The CEO of Ironclad says we’ve been hearing that “data is the new oil” for years, and this new era of privately trained AI is poised to prove it.

AI is entering its ‘Napster’ phase. This is who’s going to ‘own’ it next
[Source photo: Thirdman/Pexels; Bartosz Kwitkowski/Unsplash]

Much of what we read about AI these days leans toward either breathless excitement or existential fear: Will we reach the singularity and attain impossible levels of achievement? Or will AI be a destructive force, hollowing out our workforce and spinning out of control?

While no one can predict the long-term impact of such a new technology, I think AI’s next act will be shaped less by the breathless futurists and more by the slow-churning safeguards of our legal system and the thinkers at the edge of copyright law.

We have seen this before. Whenever big disruptive technologies emerge, they can rapidly gain users before the law has a chance to catch up.

Consider the rise of peer-to-peer (P2P) file sharing. In 1999, Napster took the world by storm, offering a revolutionary new technology that allowed anyone to contribute, search for, and download content. Overnight, millions of users were exchanging digital files—almost all of them copyrighted material.

I remember being in college when it came out. My friends and I were blown away by how much music we could access on demand. You no longer had to track down a physical copy of what you wanted to listen to. And you could access scale on an order of magnitude previously unimaginable.

The problem was, the underlying legal model hadn’t caught up. Napster and its clones—Limewire, Kazaa, and others—could attract plenty of users, but could not survive the inevitable barrage of lawsuits from content owners.

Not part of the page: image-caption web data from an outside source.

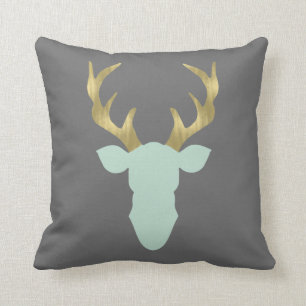 Almohada de ciervo, cabeza de ciervo, anillos, col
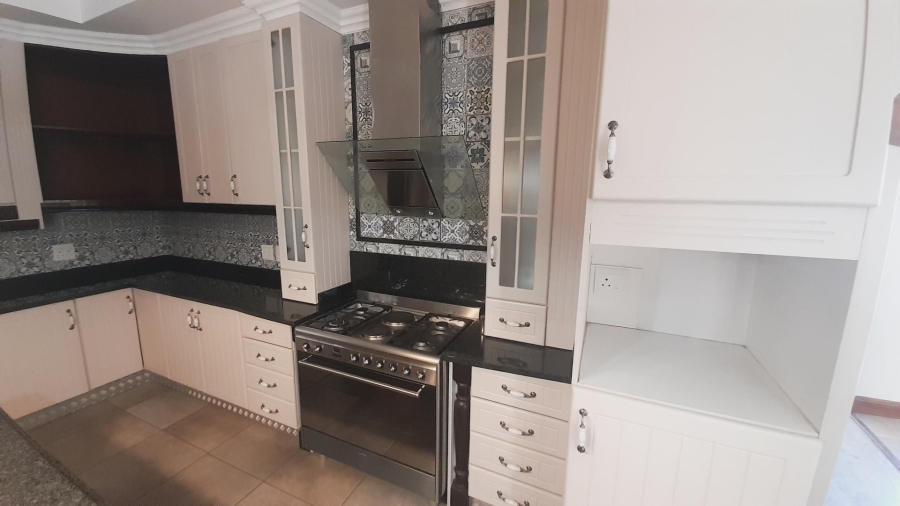 4 Bedroom Property for Sale in Estate D Afrique North West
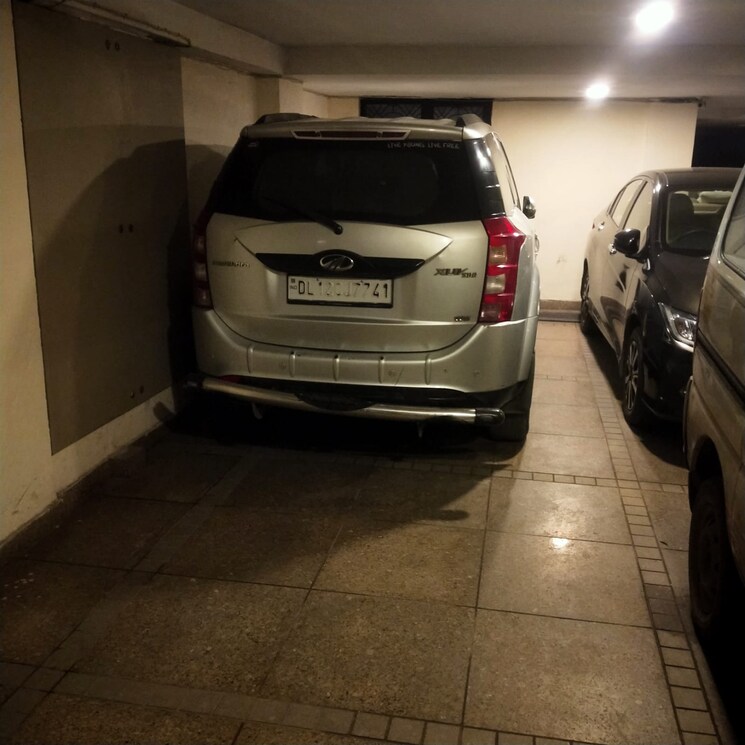  Parking, greater kailash i 3 Bedroom 1800 Sq.Ft. Apartment In Greater Kailash I Delhi 9610304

COMPELLING INNOVATION ISN’T ENOUGH

The lesson is clear: Compelling new innovation is not enough to create an enduring market presence. You also need a business model that allows both innovators and copyright holders to reap rewards within the context of the legal system.

Just as Napster provided a radical new solution to the challenge of accessing music and content, today’s public LLMs offer users compelling value, allowing for near-instantaneous synthesis and delivery of customized information. Instead of having to search for everything and piece it together ourselves, people can access personalized content that meets their precise needs.

The problem is that, just like the P2P companies, today’s generative AI services are dependent on the indiscriminate use of copyrighted content and data. The dirty secret of AI, and LLMs in particular, is that they are trained mostly on material owned by others.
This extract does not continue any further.